So I talked to my sister on the phone for a long time this weekend, and it turns out the people who live in my late grandparents' house think it is haunted. Of course I don't believe this really, and it isn't supposedly haunted by my grandparents, but instead my great grandparents who also lived there. I never met them, but I did research them quite a bit when I worked at Ellis Island (apparently they visited France a lot). Anyways, apparently the people who live there now smell smoke and hear big band music at random times when no one else is home (whatever). It caused my sister and I to start talking about all our grandparents' funerals we have been to. The first one, my dad's dad was when I was in college, when we were all barely starting to feel like grown-ups at all (I realize there are plenty of people who never get to know any of their grandparents for any significant amount of time, and I feel fortunate to have known the four of them during the years I was growing up). The second one was when I was in grad school. When I got questioned by the airport security person as to why I was flying from Detroit to Laguardia at 6am on a Thursday I just burst out crying at her hostility - "My grandma died!!". I don't think I stopped crying until the wheels of the plane touched down in New York. It was terrible. I had dreams when I was a small child that one day my grandparents would die, but it still never seems like it should happen. It seems like the end of the world in that moment, like anything that would ever happen after that could only be very bleak and cold. The third funeral I was only in town for because of my friend's bachelorette party. That one almost seemed like the worst just because she was so much fun, undeniably, and had such an incredible zest for life. I also felt horrible for my grandpa who doesn't have his wife of 63 years anymore. Also, it almost gets to a point with grandparents' funerals where you aren't just mourning the person, you are mourning a time when everyone's lives were intertwined, when your cousins actually knew what was going on with you through triumphs and failures.

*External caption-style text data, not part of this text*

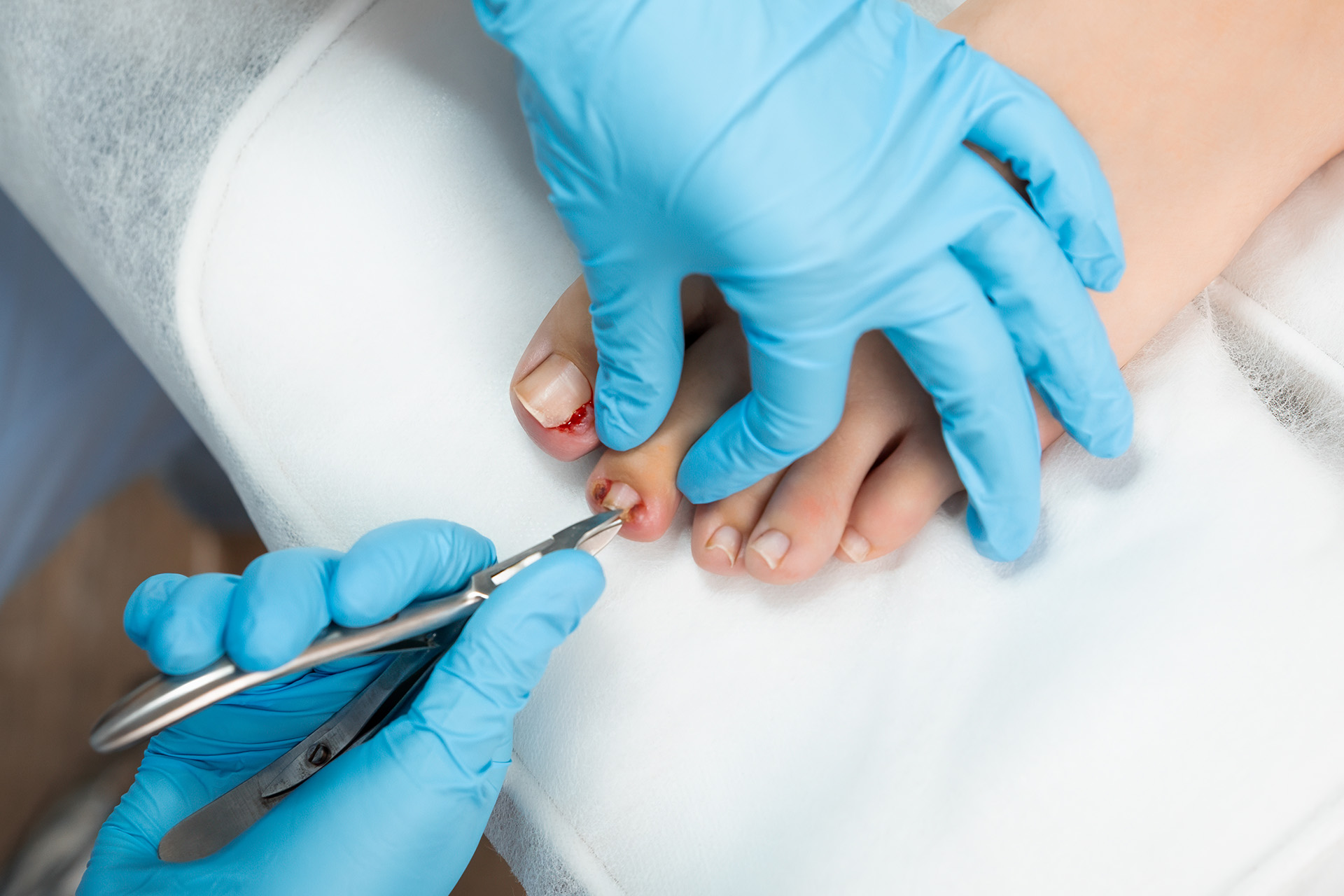 ingrown toenail surgery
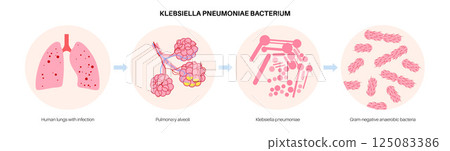 Klebsiella pneumoniae poster 125083386
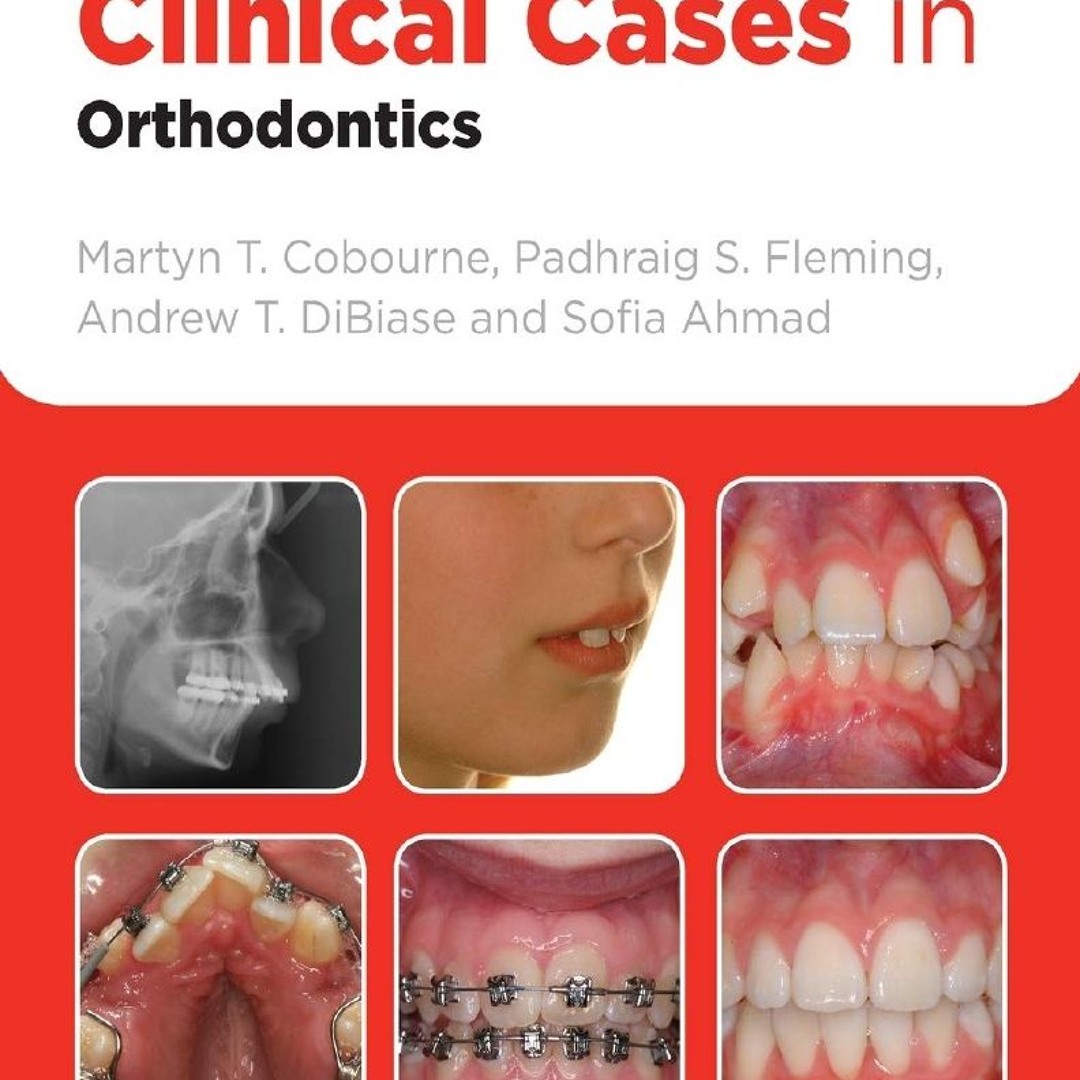 Stream PDF ️Download ️ Clinical Cases in Orthodontics from yuwass ...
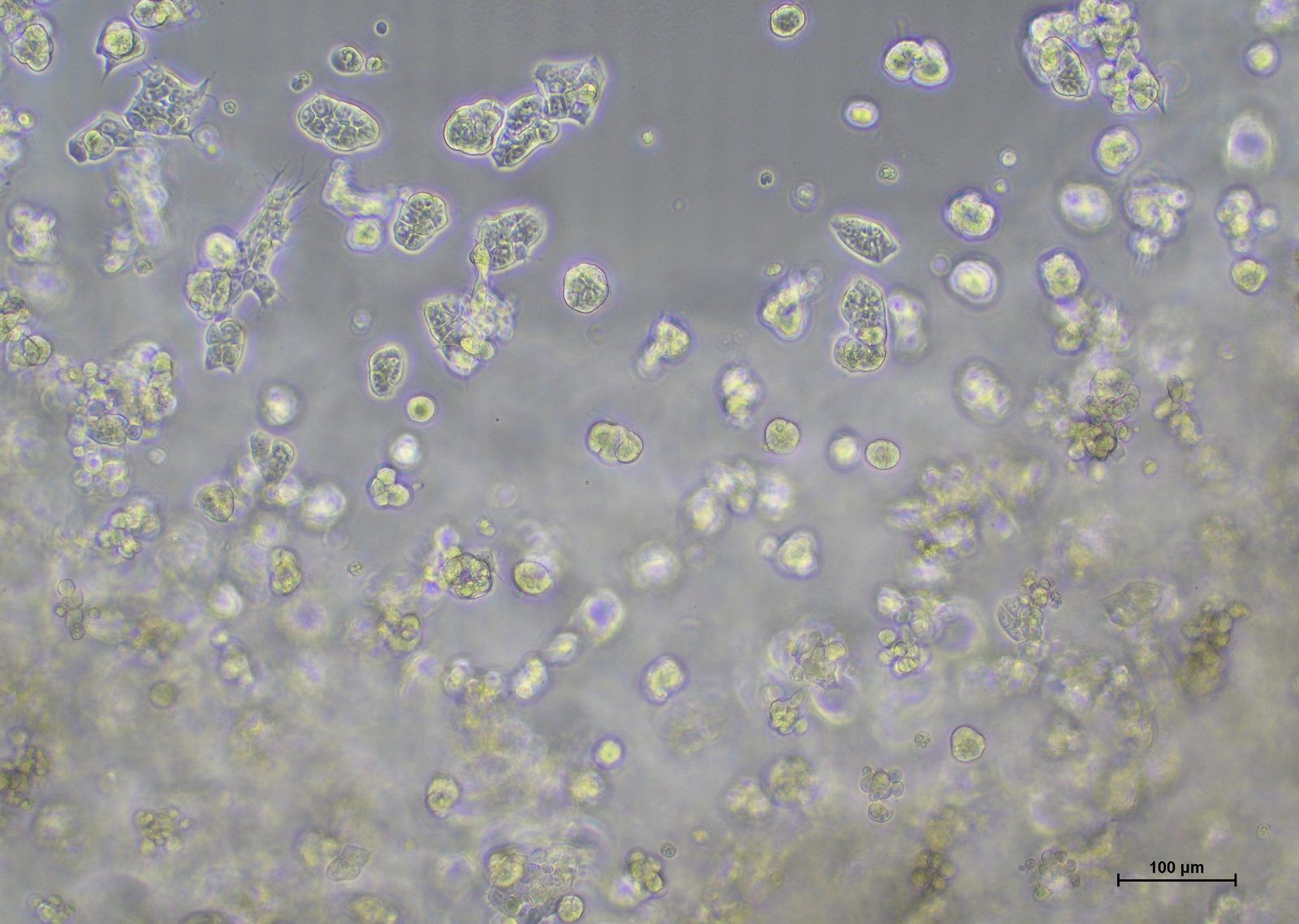 NCI-H460 cells in competitor medium on day 5 at 10x magnification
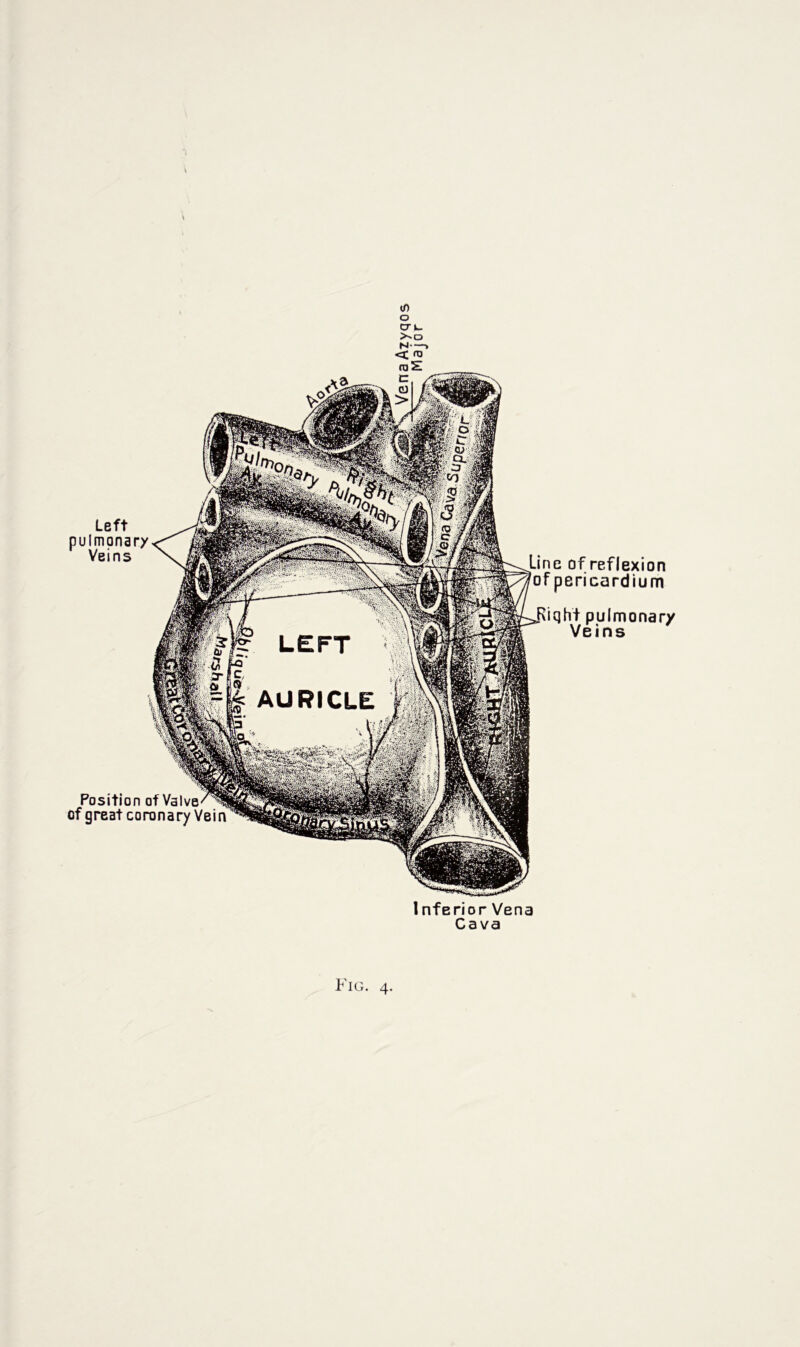 Left pulmonary Veins Position of Valve of great coronary Vein Line of reflexion of pericardium Riqht pulmonary Veins I nferior Vena Cava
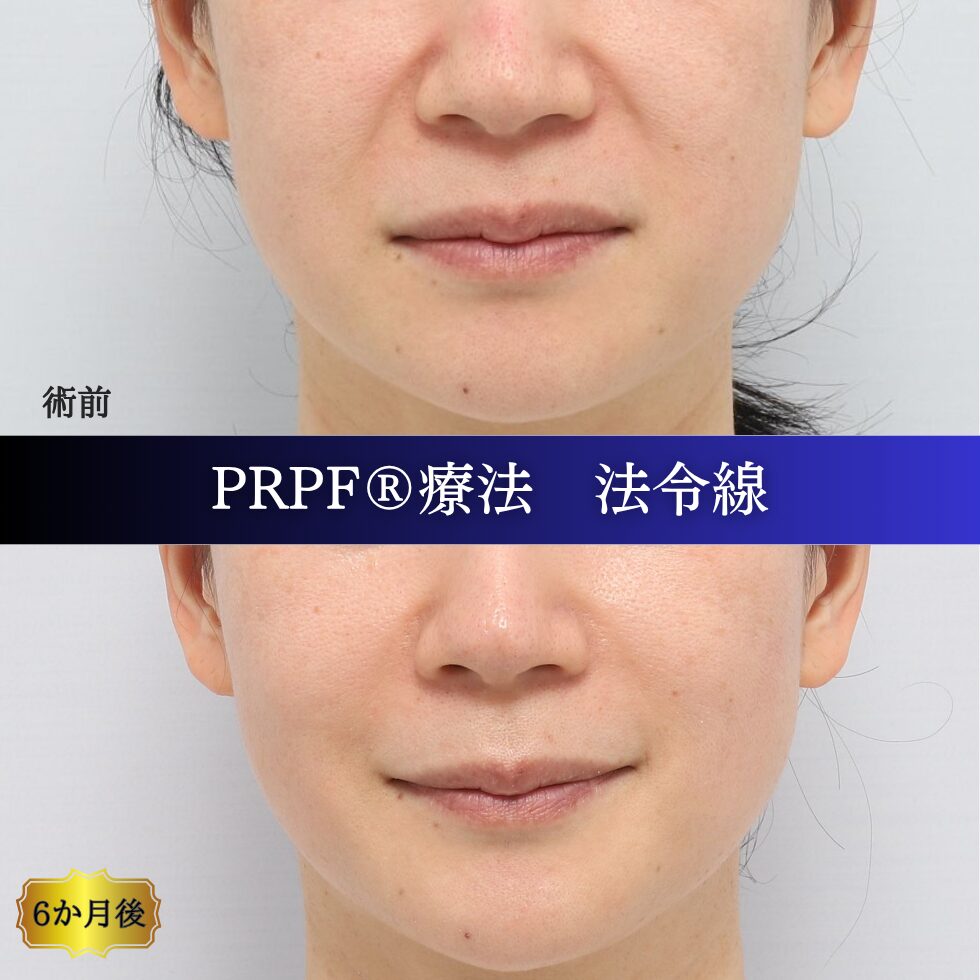 しわ治療、法令線、鼻翼基部、笑いじわ、PRPF療法、40代の症例 (3)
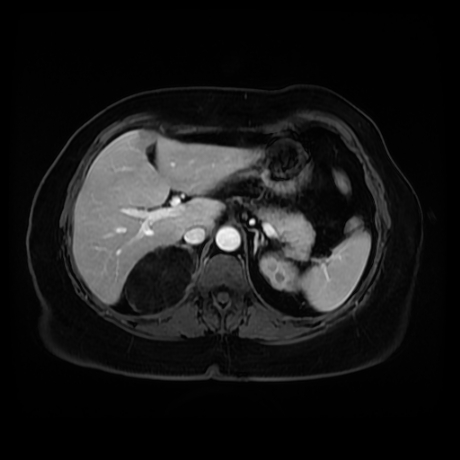 Adrenal myelolipoma - MRI (Radiopaedia 83249-97646 T1 fat sat arterial phase 26).jpg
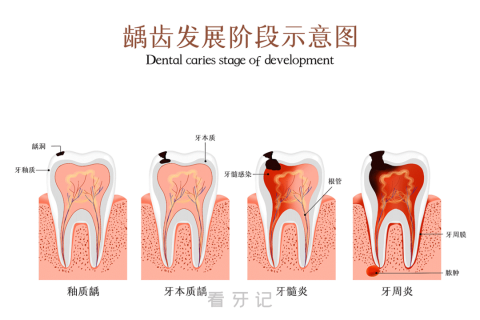 龋齿发展阶段示意图流程图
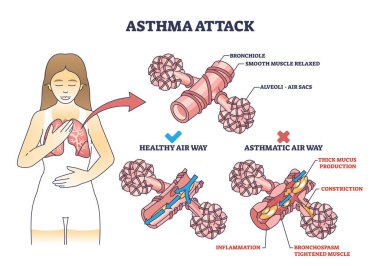 Asthma attack explanation compared with healthy air way outline diagram. Labeled educational scheme with mucus production and inflammation in lungs vector illustration. Anatomical respiration system. clipart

So finally I said to my sister the thing is not to miss them so much. The thing is not to be sad forever. The important thing is to remember what was fun about them, and appreciate the ways they inspired you to be the person you are doing the work you do in the world. And when I think about the happiest moments with all my grandparents I think about the Great Lakes and going on vacations "Up North" in MI. That is what people do in MI for vacation - they drive 4 hours north and go lay on a beach somewhere and eat ice cream. That being the pattern, Standish is a good place to stop to eat. We used to stop at Wheeler's there, and while I see most of the reviews online are not good, it will forever have a place in my heart as the place we took a moment to stretch our legs on long car rides and eat delicious open faced roast beef sandwiches with mashed potatoes and gravy. As I remember, they also offered a ridiculous variety of pies.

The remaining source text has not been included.